A busca é uma das plataformas pela qual informações trafegam. A gente sabia, pela experiência de 2014 e em outros países, que a disseminação de conteúdo enganoso durante o ciclo eleitoral seria muito intenso. O Google é uma empresa que preza pela liberdade de expressão. Em última instância, a gente defende que as pessoas tenham o direito de dizer o que elas quiserem de acordo com o Marco Legal. Tirar conteúdo do ar, é ruim. Não podemos abrir esse precedente. Como vamos decidir o que fica e o que sai? Isso é censura. Às vezes a gente acha de forma apaixonada que determinado conteúdo é tão flagrantemente mentiroso, errado, que é fácil tirá-lo do ar. Mas é perigoso entrar nisso. Precisamos entender que tipo de liberdade de expressão a gente defende. O Google é um defensor inveterado da liberdade de expressão, então o que fazemos é: se tem muito conteúdo ruim na web, a gente precisa inundar esse ecossistema de conteúdo bom. Uma forma de fazer isso é envolver vários produtores de conteúdos, dar acesso a tecnologia e treinamento, expertise para que essas redações possam fazer, por exemplo, autenticação de conteúdo.
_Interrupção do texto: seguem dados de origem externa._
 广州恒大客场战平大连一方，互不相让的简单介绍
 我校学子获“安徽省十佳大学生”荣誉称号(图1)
E como isso é feito na prática?

O GNI vai definir uma estratégia que seja alinhada com esses três E’s e a gente vai ter coisas que vão ficar sob nossa responsabilidade, no Google News Lab. Grande parte do que o Youtube contribui pro Google News Initiative é na parte de evolução da qualidade do conteúdo na plataforma. O Youtube tem muito interesse nisso, que o conteúdo que trafegue lá tenha bastante qualidade. E uma das formas de você fazer isso, é estimular a boa produção de conteúdo. Você cria programas de incentivo para que parceiros dentro da plataforma possam fazer projetos inovadores que vão ter um resultado indireto: a gente não está pagando para que eles produzam conteúdo, a gente tem projetos que vão estimular a capacitação profissional, a adoção de boas práticas e tudo isso, em última instância, eleva a qualidade da produção de conteúdo do parceiro. Nesse caso do Youtube, que já  incluiu parcerias com o Nexo Jonal, a Band, o Youtube abre uma chamada, os parceiros submetem suas propostas, tem uma comissão avaliadora, e aí os projetos são aprovados.

“Temos escola atrás de escola, de gerações de jornalistas, que aperfeiçoaram o fazer, eles tem o refino técnico do que é o jornalismo de qualidade, mas é como se fossem duas populações isoladas que se encontraram 100 anos depois. A gente não tem uma cultura do jornalismo  pensar no negócio”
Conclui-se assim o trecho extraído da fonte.